Zerballodu, bruissement écologique à la Philharmonie de Paris
Les collégiens sont répartis en deux chœurs, représentant une lutte manichéenne et bicolore entre le bien et le mal : Les Arbres (tous habillés en blanc et qui deviennent vert avec les lumières) debout dans les gradins au fond de la salle, Les Casques en tenues de chantier bleues venus déforester et placés à l'avant-scène. Malheureusement, les enfants semblent très stressés par l'enjeu et cette grande salle. Les Arbres se déracinent (les jeunes en fond de scène s'agitent, bougent d'une jambe sur l'autre, balancent leurs bras) ce qui nuit énormément à l'articulation : le texte est hélas absolument incompréhensible, or aucun sur-titre n'est diffusé. Le programme invite seulement à flasher un QR code, mais fort heureusement personne ne rallume son téléphone portable pour suivre ainsi le texte en rompant l'ambiance lumineuse et la concentration. Pourtant les apprentis-chanteurs savent faire des effets illustrant la forêt et notamment le groupe de forestiers à l'avant-scène est très appliqué dans ses accents toniques : du texte surgit alors de la forêt, avec des rimes telles que "Ratiboisez-moi tous ces bois" ou l'aria de "la débroussailleuse délicieuse".

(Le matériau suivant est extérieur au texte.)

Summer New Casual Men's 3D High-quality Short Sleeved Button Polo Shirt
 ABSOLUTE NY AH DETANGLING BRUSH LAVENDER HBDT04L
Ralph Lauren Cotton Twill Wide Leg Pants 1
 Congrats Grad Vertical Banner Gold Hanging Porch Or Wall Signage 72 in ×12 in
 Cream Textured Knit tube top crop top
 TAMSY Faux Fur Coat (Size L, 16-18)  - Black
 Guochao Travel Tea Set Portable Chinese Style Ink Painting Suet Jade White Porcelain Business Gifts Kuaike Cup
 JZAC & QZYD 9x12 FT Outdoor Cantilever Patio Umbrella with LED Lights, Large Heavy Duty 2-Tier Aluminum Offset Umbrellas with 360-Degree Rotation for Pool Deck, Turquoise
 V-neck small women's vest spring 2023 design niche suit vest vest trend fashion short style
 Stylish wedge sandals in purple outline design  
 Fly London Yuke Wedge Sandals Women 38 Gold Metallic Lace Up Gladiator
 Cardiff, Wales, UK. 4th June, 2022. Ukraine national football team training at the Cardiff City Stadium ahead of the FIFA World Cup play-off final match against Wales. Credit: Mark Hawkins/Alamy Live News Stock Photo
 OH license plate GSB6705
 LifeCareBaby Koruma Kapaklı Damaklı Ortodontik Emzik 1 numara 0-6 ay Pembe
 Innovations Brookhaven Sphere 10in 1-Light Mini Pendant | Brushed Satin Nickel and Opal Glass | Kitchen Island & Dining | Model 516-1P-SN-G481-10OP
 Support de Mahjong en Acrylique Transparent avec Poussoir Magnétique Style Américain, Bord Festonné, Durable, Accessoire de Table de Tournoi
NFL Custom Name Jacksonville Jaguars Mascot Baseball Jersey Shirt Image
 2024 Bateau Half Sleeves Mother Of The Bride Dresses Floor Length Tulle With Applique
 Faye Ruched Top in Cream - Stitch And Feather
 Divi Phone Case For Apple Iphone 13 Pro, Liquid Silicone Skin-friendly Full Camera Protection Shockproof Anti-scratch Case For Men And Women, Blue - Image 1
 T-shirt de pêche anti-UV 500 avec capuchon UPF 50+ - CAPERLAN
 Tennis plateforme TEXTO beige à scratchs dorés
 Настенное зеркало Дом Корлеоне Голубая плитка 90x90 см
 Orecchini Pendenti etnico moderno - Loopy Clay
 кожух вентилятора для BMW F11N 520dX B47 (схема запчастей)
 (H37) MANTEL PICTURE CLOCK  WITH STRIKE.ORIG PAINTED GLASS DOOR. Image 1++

Les chœurs soutiennent en outre des solistes, deux jeunes chefs forestiers et des artistes professionnels. La soprano Raquel Camarinha ("Portugaise, Têtue, passionnée et organisée qui voudrait apprendre à faire des claquettes" comme la présente son portrait dans le programme de salle) est habituée aux créations contemporaines ainsi qu'aux mélodies françaises. Elle met cette pratique au service d'une articulation intelligible des mots et des notes. Les lignes se déploient lyriques et même à l'aise dans les coloratures mais ces qualités restent les mêmes alors qu'elle incarne différents personnages : l'institutrice, un casque, petit arbre, grand arbre. Grand arbre aussi et même Chamane : tel est le rôle incarné par Julien Clément (qui "essaie de s'améliorer chaque jour et a un rapport plutôt bon avec la musique", toujours dixit le programme). Son costume rappelle l'homme-arbre dans un célèbre film (notre dossier Opéra & Cinéma). Le baryton a certes une voix étoffée et mêlant les qualités essentielles pour cet opus : parlé lyrique, chanté articulé et joué incarné avec des appuis très marqués qui tendent cependant le vibrato.
Bien que difficilement intelligible et bien qu'ayant deux chœurs, cette œuvre a un message écologique univoque. Pourtant l'interprétation a deux directions qui peinent à se concilier. Léo Warynski est sur l'estrade, tandis que la cheffe de chœur Sophie Boucheron (bien-nommée pour cet opus, à une lettre près) un pas derrière (et donc également une marche en-dessous) donne aussi des indications. Dans un premier temps, celle-ci semble avoir été prévue pour aider les chœurs d'enfants en leur indiquant des entrées spécifiques, toutefois elle bat naturellement la mesure elle aussi mais dans une version parfois discordante avec celle de son collègue, lui-même donnant également les entrées et aidant les enfants dans la prononciation du texte. Le mieux est ainsi l'ennemi du bien et un souci de renforcer la clarté n'est pas pour aider les jeunes chanteurs, tandis qu'à l'inverse, les instrumentistes savent se concentrer sur une seule direction. Les parties instrumentales de l'œuvre peuvent ainsi exprimer leur grand intérêt. Le riche pupitre de percussions multiplie les effets et ambiances sonores, faisant pousser une jungle musicale foisonnante (au point même que les haut-parleurs avec des sons électroniques semblent superflus). Le reste de l'Orchestre national d'Île-de-France et l'Académie d'orchestre avec de jeunes musiciens de conservatoires savent aussi bruisser et glisser, marquer des rythmes mais surtout des timbres limpides : les bois sont boisés, les cuivres cuivrés.
La fin de l'œuvre laisse percevoir un mot qui se révèle être le mot de passe expliquant le titre : Bulldozer (dont Zerballodu est l'anagramme, à une lettre près).